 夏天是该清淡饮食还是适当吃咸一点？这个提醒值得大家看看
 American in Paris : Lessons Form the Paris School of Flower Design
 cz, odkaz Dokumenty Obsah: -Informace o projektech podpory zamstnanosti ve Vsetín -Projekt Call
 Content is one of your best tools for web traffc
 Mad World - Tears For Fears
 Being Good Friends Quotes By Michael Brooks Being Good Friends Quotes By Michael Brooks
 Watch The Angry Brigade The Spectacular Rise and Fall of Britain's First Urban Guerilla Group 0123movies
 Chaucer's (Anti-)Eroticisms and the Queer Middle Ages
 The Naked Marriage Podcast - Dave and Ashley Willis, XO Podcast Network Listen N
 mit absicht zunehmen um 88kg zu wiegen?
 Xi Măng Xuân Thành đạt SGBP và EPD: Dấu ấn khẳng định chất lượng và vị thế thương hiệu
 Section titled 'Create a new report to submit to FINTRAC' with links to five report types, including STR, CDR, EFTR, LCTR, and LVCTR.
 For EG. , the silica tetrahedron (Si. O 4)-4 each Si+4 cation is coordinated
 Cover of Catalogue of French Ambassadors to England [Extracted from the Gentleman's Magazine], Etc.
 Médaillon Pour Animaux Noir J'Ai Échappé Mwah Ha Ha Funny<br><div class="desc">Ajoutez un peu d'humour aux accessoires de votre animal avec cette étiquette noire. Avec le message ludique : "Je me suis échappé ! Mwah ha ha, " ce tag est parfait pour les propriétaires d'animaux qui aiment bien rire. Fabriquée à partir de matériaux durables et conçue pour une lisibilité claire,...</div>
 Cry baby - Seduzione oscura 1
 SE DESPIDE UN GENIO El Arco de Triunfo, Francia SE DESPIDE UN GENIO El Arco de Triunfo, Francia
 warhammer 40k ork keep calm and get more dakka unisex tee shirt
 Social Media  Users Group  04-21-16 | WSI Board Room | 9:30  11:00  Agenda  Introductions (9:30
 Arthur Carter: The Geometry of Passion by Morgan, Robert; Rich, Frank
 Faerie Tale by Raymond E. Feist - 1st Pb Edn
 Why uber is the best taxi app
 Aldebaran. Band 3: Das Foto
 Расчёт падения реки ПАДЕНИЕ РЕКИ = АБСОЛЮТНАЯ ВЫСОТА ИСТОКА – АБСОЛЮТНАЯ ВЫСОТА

=-=-=-=-=

## AIM OF THE TASK
Write down only the number of lines that contain the string "best" in the listing.

## EXERCISE RESULT
2